The storybook adventures of cheeky monkey Curious George have been entertaining mischievous youngsters since 1941. His first swing at the movies is a splashy cartoon caper which features The Man With The Yellow Hat, a trip to the jungle, a jaunt round New York and lots and lots of paint. Will Ferrell, Eugene Levy and Drew Barrymore do the voices, Jack Johnson does the songs and George does the damage.
Dick Van Dyke
The cute creation of German authors Margret and HA Rey is perhaps not as popular in the UK as elsewhere, but international book sales topping 30 million tell their own story.
Even more remarkable is that George first appeared in print in 1941, so it's taken 65 years - and a big-name producer Ron Howard - for him to make his big-screen debut.

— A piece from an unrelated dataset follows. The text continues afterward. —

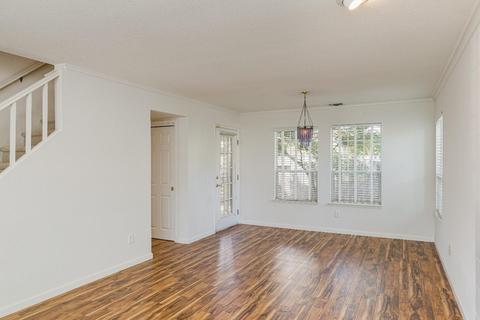 3837 Olivebranch Ln, Carmichael, CA 95608 photo 5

And a jolly fine debut it is. Beginning with George showing his inquisitive credentials, it swiftly moves to New York where enthusiastic museum guide Ted (readers know him better as The Man In The Yellow Hat, but we'll come to that) receives bad news.
Unless attendances pick up, doddery museum owner Mr Bloomsberry (Dick Van Dyke) will have to let his money-mad son Bloomsberry Jr turn the place into a car park.

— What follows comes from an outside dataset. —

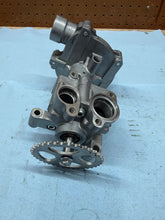 2009-2014 OEM YZF YAMAHA R1 ENGINE WATER OIL PUMP 14B-12420-01-00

In a moment of madness, Ted (voiced by Ferrell) volunteers to go to Africa, find the lost shrine of Zagawa, bring it back and watch the crowds queue round the block.
Buying a bright yellow safari suit (plus matching hat) is not a good start to his jungle trip and, alas, Ted's mission fails. He even loses his hat.

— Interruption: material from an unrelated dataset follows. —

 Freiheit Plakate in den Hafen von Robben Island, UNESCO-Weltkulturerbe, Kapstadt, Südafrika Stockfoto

But the inquisitive little monkey who has it is happy to come all the way to the Big Apple to give it back. (Strictly speaking, George is a chimp. Want a taxonomy lesson? Go to the zoo.)
Now Ted has two problems: an exhibition with no exhibit and a new friend whose innocent exterior hides a knack for causing mayhem. Much to Bloomsberry Jr's annoyance, George also has a gift for saving the day.
So what if Jack Johnson's songs are essentially the same tune played at different tempos and the animation isn't the most sophisticated you'll ever see (it looks like a feature-length Coco Pops advert)?
This is good, messy, cartoon fun which even slips in the odd wry smile for grown-ups. When it comes to keeping little monkeys out of mischief, Curious George is top banana.